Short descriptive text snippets
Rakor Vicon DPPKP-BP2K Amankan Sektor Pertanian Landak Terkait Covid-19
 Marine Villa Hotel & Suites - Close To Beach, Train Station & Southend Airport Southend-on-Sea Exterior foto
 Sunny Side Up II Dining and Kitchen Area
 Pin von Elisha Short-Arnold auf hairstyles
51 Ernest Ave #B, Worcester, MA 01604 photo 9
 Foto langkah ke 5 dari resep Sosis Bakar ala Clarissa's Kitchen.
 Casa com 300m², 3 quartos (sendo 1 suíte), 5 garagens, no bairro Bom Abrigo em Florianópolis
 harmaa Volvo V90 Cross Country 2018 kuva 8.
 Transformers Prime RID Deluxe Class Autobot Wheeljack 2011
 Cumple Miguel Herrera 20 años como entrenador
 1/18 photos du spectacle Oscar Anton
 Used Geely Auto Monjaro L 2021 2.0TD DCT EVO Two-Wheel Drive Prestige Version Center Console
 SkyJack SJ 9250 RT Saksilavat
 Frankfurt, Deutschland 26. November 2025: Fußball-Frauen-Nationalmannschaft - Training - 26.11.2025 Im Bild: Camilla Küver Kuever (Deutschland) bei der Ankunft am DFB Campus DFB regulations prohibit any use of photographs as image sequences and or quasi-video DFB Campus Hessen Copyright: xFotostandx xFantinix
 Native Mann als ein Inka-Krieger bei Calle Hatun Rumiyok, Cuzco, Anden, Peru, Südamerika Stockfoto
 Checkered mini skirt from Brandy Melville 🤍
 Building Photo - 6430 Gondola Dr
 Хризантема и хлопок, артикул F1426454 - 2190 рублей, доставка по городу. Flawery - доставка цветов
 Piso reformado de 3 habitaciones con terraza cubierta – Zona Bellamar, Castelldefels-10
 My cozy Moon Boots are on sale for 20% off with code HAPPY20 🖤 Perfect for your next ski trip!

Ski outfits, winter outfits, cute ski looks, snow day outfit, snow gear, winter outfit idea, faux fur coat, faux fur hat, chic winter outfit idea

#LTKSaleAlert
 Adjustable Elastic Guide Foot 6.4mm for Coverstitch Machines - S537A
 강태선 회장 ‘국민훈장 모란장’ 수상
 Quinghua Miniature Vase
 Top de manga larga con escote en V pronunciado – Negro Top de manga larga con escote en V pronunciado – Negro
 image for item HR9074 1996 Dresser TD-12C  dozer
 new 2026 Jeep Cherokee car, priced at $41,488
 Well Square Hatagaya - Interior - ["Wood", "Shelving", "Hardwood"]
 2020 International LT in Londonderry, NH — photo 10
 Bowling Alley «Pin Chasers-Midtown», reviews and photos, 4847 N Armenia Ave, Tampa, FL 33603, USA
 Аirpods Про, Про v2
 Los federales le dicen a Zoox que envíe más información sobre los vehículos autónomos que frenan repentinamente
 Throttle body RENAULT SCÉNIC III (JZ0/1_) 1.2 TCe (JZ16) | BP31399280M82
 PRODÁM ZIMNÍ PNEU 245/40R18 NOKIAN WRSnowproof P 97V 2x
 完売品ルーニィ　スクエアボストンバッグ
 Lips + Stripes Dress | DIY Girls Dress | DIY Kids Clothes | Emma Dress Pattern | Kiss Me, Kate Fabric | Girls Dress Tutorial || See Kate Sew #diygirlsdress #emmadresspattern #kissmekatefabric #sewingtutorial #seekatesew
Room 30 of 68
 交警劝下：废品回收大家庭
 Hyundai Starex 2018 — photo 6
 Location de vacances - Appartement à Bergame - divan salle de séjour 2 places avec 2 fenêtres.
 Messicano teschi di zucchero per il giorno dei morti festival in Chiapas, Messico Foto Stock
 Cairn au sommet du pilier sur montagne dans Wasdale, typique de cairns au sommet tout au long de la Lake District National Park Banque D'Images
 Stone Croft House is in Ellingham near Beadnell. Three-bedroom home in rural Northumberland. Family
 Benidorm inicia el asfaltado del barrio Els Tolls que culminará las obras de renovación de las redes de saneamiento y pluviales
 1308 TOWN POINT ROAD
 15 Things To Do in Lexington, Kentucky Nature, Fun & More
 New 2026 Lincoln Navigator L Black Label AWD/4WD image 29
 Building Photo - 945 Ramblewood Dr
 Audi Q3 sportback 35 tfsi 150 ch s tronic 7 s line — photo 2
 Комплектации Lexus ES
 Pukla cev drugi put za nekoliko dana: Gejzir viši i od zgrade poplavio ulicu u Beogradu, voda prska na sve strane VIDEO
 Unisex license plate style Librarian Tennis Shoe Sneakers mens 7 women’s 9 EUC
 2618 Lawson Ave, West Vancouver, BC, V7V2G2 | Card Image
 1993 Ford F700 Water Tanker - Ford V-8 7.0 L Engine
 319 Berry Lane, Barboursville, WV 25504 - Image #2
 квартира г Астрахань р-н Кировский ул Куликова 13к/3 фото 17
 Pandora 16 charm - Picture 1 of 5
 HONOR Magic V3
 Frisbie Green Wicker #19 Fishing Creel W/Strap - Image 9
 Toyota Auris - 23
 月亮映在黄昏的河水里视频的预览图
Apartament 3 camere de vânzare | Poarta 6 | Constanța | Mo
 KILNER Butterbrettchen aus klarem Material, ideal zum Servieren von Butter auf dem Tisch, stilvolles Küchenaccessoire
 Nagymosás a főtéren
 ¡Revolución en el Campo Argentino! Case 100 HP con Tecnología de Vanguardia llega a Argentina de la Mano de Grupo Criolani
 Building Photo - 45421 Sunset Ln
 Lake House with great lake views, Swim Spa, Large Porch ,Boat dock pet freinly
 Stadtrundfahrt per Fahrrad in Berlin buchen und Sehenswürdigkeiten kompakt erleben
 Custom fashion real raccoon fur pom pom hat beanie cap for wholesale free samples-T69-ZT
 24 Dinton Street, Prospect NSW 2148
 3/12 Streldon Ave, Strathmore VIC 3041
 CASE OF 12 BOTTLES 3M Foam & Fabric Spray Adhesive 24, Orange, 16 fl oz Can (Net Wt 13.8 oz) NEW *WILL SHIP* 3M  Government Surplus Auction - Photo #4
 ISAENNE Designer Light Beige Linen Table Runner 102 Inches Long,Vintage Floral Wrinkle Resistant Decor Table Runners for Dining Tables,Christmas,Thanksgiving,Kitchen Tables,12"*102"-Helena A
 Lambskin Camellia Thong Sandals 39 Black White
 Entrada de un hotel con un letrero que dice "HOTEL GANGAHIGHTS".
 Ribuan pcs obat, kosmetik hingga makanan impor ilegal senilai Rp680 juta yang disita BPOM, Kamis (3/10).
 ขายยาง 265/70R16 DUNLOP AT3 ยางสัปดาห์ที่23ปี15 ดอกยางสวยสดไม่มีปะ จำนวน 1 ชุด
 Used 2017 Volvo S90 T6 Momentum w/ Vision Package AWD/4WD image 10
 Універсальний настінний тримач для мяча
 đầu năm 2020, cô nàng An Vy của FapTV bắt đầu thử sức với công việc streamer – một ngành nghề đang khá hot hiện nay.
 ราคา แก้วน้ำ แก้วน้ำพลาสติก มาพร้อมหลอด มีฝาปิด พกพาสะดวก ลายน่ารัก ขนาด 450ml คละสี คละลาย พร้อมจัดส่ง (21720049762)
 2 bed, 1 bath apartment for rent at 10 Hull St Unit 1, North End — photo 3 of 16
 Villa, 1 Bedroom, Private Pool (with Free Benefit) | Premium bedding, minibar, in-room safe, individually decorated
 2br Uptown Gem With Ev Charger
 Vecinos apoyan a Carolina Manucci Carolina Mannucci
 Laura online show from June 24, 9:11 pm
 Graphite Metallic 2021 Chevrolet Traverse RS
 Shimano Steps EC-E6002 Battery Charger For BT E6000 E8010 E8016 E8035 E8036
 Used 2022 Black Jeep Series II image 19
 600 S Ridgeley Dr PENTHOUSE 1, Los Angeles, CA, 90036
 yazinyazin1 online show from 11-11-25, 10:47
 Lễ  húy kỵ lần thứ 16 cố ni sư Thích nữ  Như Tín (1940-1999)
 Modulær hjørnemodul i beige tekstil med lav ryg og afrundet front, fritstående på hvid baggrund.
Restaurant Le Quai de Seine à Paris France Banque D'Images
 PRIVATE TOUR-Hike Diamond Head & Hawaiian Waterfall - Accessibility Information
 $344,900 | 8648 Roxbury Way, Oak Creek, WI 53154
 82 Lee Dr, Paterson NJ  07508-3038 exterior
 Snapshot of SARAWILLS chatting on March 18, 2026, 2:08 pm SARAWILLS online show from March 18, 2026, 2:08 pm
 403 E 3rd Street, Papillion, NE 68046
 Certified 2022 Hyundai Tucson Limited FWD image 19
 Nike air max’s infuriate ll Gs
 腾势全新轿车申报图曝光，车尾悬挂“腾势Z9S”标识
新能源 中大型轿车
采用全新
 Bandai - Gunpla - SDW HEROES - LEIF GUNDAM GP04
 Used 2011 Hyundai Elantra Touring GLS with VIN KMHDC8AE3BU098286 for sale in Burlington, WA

Task prompt:
Transcribe only what runs from the line with "Certified 2022 Hyundai" to the last line above, keeping every line exactly as written.

Result of the task:
 Certified 2022 Hyundai Tucson Limited FWD image 19
 Nike air max’s infuriate ll Gs
 腾势全新轿车申报图曝光，车尾悬挂“腾势Z9S”标识
新能源 中大型轿车
采用全新
 Bandai - Gunpla - SDW HEROES - LEIF GUNDAM GP04
 Used 2011 Hyundai Elantra Touring GLS with VIN KMHDC8AE3BU098286 for sale in Burlington, WA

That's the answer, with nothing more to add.